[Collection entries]
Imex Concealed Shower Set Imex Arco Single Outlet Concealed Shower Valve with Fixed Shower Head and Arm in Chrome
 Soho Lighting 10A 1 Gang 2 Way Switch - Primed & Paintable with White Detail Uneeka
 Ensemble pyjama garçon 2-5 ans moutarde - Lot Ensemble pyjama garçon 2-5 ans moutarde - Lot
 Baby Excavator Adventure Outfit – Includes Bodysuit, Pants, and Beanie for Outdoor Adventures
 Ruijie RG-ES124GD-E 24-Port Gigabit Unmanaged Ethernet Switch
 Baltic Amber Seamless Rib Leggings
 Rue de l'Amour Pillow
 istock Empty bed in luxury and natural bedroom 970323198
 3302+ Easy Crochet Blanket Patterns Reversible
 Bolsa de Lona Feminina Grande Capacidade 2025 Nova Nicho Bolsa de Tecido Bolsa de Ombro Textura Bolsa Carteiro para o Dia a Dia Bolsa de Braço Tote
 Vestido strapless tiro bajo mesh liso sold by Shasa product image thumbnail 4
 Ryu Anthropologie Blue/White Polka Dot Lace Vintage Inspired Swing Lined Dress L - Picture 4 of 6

- _PROBLEM STATEMENT_: Copy exactly the stretch of data above from the line with "istock Empty bed" through the line with "Vestido strapless tiro", and omit all other lines.

- _TASK SOLUTION_:
 istock Empty bed in luxury and natural bedroom 970323198
 3302+ Easy Crochet Blanket Patterns Reversible
 Bolsa de Lona Feminina Grande Capacidade 2025 Nova Nicho Bolsa de Tecido Bolsa de Ombro Textura Bolsa Carteiro para o Dia a Dia Bolsa de Braço Tote
 Vestido strapless tiro bajo mesh liso sold by Shasa product image thumbnail 4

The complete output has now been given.